What the exercise asks:
This task calls for the lines below starting at the one containing "Large WallMounted Silver" and ending at the one containing "Obraz premium Close-up", repeated exactly with both ends kept and pictures left out.

Data for the task:

Segment Open

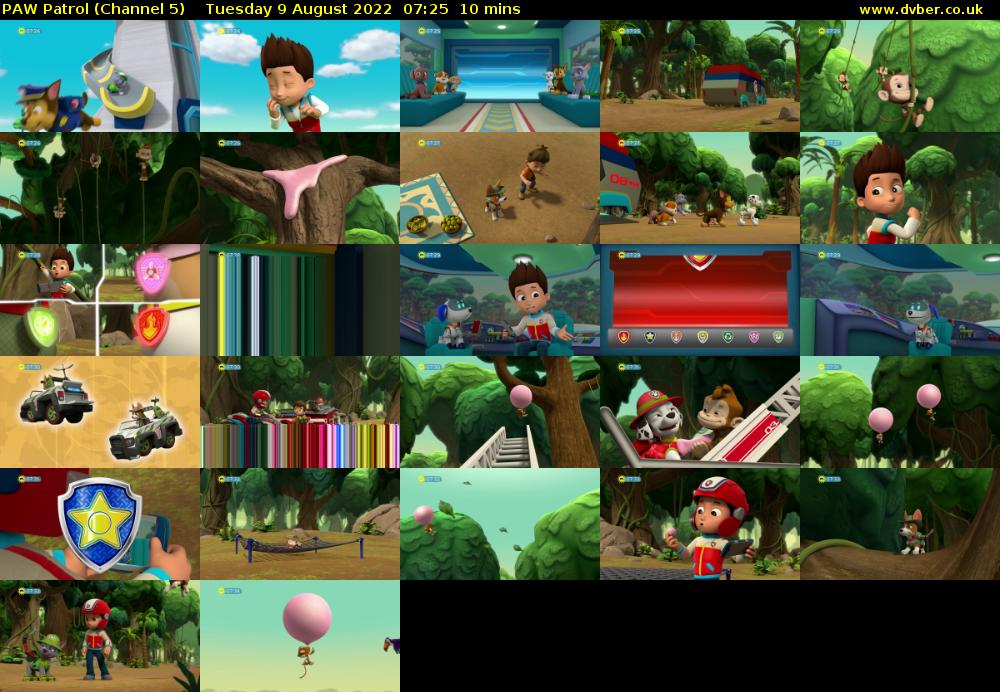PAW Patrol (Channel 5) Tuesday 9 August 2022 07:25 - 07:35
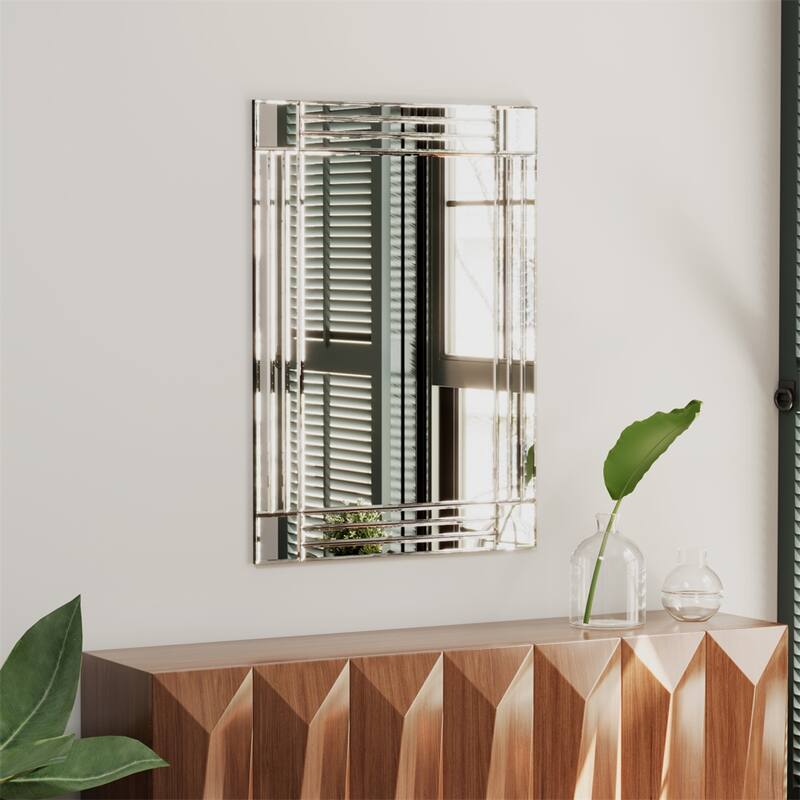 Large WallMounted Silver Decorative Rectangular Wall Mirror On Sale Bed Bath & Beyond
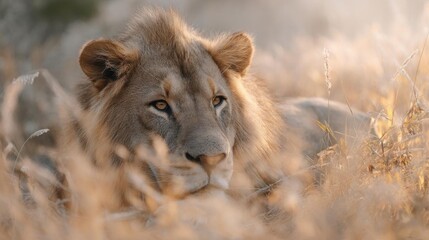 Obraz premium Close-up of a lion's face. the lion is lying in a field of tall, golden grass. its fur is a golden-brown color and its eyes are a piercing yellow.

Segment Closed
Segment Open

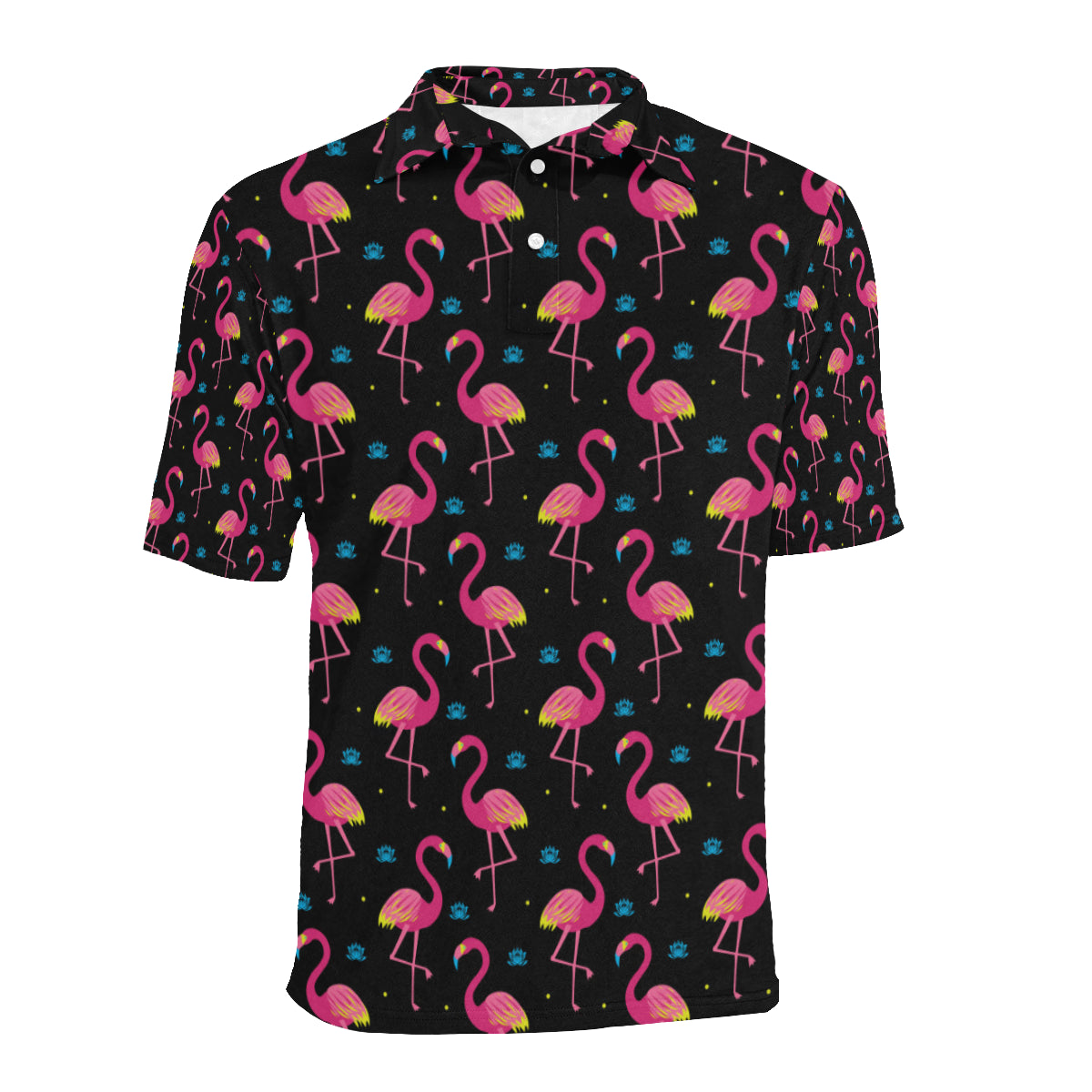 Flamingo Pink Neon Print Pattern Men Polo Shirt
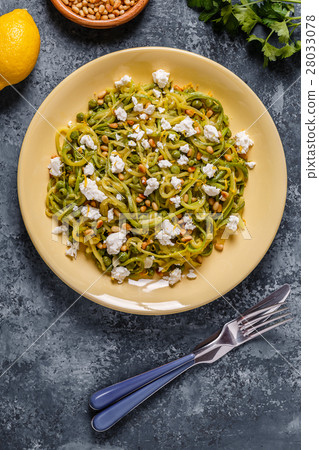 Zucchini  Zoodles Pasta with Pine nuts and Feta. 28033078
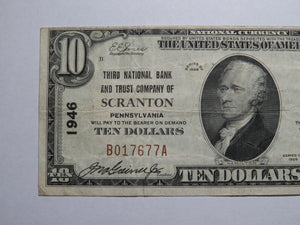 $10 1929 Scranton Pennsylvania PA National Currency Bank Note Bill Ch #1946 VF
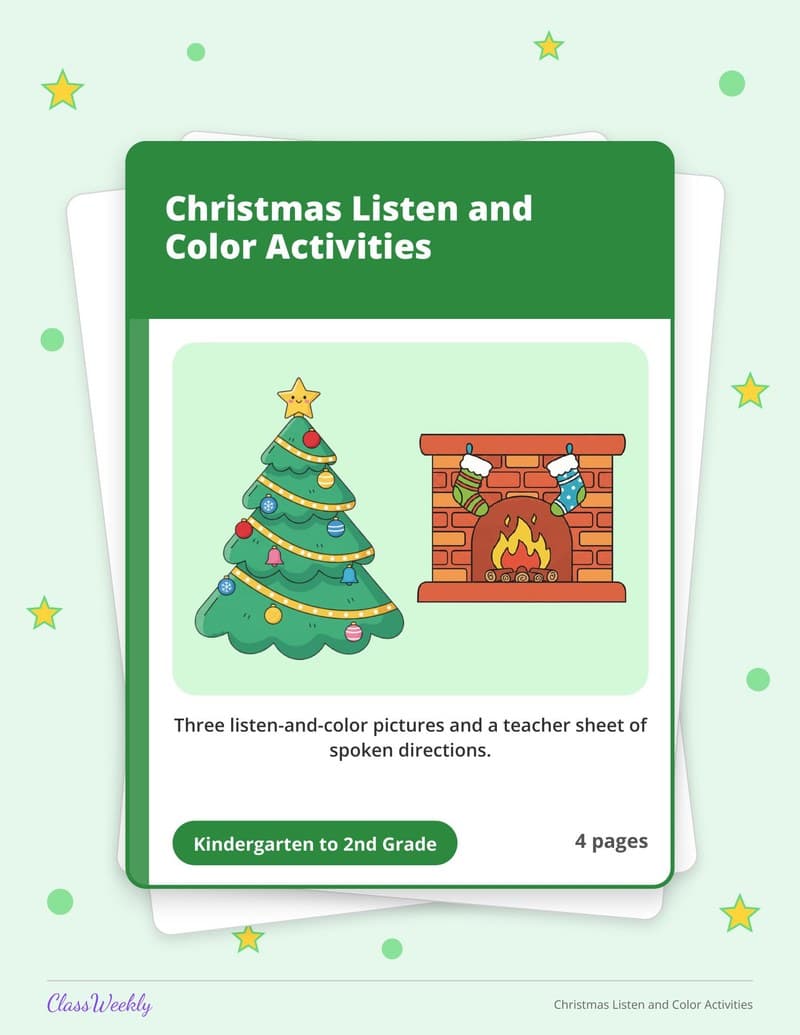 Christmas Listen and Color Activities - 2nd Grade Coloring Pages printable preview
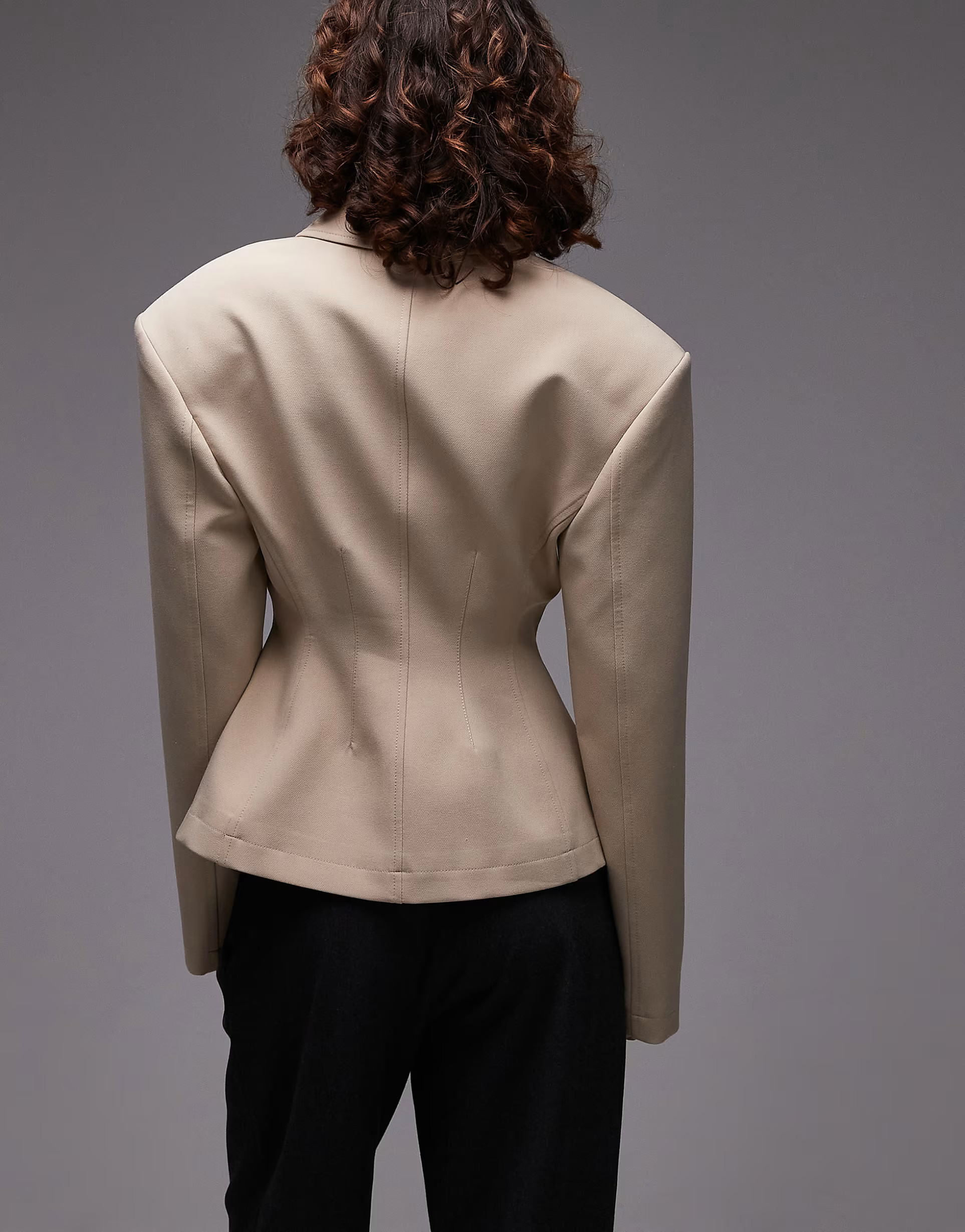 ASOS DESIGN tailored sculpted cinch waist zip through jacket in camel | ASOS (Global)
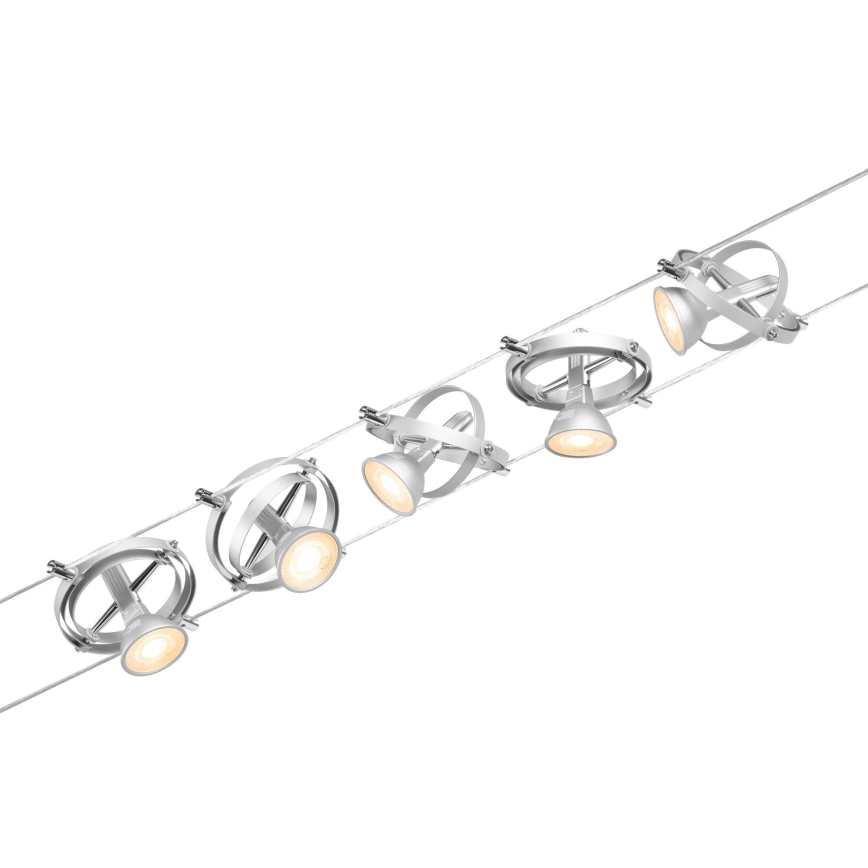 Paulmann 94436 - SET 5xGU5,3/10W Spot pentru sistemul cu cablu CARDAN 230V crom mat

Segment Closed

Solution:
 Large WallMounted Silver Decorative Rectangular Wall Mirror On Sale Bed Bath & Beyond
 Obraz premium Close-up of a lion's face. the lion is lying in a field of tall, golden grass. its fur is a golden-brown color and its eyes are a piercing yellow.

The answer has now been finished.